O estudo, que faz parte da campanha #MaisQueUmPalpite, iniciativa da SBP (Sociedade Brasileira de Pediatria) e da Pfizer, também revelou que os atrasos ocorrem em todas as classes sociais e que 44% dos pais deixaram de fazer o acompanhamento dos filhos com pediatra. A porcentagem é maior (50%) entre pais de crianças de três a cinco anos.

“Todos os serviços de saúde foram deixados de lado. Os cardíacos deixaram de controlar a hipertensão e o colesterol, houve queda brutal de diagnóstico de câncer. E as vacinas seguiram o mesmo caminho”, diz o infectologista Renato Kfouri, diretor da SBim (Sociedade Brasileira de Imunizações).

A análise do Ieps também chama a atenção para as disparidades regionais. Norte e Nordeste tiveram as piores performances em 2020 e atingiram uma cobertura vacinal de 65% e 72%, o que representa uma queda de 23 e 28 pontos percentuais com relação a 2015, respectivamente.

A região que registrou menor velocidade de queda foi o Sul (redução de dez pontos percentuais), que terminou o ano de 2020 com uma cobertura de 86% —ainda assim, abaixo da meta.

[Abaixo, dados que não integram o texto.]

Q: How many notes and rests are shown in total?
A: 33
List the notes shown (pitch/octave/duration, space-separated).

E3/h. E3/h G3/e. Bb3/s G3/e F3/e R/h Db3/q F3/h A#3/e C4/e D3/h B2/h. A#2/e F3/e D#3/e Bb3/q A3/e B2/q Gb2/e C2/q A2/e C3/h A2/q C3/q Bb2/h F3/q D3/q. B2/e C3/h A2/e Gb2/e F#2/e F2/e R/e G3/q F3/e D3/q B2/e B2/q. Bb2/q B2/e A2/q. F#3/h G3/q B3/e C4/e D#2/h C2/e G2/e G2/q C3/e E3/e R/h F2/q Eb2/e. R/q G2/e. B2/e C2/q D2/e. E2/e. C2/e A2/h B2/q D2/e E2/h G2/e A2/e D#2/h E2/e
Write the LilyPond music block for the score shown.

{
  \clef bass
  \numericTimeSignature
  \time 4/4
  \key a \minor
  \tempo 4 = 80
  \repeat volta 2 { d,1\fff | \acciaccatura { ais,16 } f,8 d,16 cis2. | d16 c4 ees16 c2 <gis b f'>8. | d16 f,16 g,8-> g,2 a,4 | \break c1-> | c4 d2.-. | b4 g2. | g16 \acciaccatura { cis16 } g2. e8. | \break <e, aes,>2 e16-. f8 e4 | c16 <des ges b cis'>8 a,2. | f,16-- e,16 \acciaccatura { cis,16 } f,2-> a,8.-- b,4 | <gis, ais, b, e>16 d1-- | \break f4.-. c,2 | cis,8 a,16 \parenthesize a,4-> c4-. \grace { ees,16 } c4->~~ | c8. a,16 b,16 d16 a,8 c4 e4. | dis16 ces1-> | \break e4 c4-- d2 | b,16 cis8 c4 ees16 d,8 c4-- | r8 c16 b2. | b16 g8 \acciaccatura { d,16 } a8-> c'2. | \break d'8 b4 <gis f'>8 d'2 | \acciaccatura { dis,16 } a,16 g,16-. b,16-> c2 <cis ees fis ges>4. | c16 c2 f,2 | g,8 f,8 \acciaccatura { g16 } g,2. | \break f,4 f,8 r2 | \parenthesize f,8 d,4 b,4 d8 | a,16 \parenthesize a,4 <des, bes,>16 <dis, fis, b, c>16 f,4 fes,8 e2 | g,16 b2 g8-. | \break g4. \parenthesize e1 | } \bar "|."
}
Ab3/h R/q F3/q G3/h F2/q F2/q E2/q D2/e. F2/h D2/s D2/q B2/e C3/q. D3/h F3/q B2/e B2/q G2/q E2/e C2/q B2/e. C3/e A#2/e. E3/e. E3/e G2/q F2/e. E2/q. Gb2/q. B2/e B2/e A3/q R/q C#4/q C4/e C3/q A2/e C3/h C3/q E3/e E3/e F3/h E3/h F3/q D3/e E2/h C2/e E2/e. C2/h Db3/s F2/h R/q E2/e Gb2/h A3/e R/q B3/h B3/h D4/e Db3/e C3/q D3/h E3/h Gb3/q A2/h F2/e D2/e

Kfouri alerta para o impacto dos bolsões de baixa cobertura vacinal e a falta de homogeneidade desses índices entre os municípios.

“Se tem lugares com 20%, 30%, 40% de cobertura para pólio, sarampo e hepatite B, isso é tão perigoso quanto a baixa total. É um convite para a reintrodução de um monte de doenças”, afirma.

Letícia Nunes lembra, no entanto, que a redução na cobertura já vinha sendo observada nos últimos cinco anos. “As vacinas atingiram um ápice de sucesso e isso levou a uma queda na percepção de risco pela população. Também surgiram preocupações em relação à confiabilidade das vacinas.”

“O pano de fundo da queda é a falta de percepção de risco. A pessoa pensa: ‘vacinar pra quê? Essas doenças nem têm tantos casos assim, vai ficar dando picada no meu filho, vai ter reação’. Hoje é um grande desafio mundial convencer as pessoas a se vacinarem contra doenças que não estão à vista”, diz Kfouri.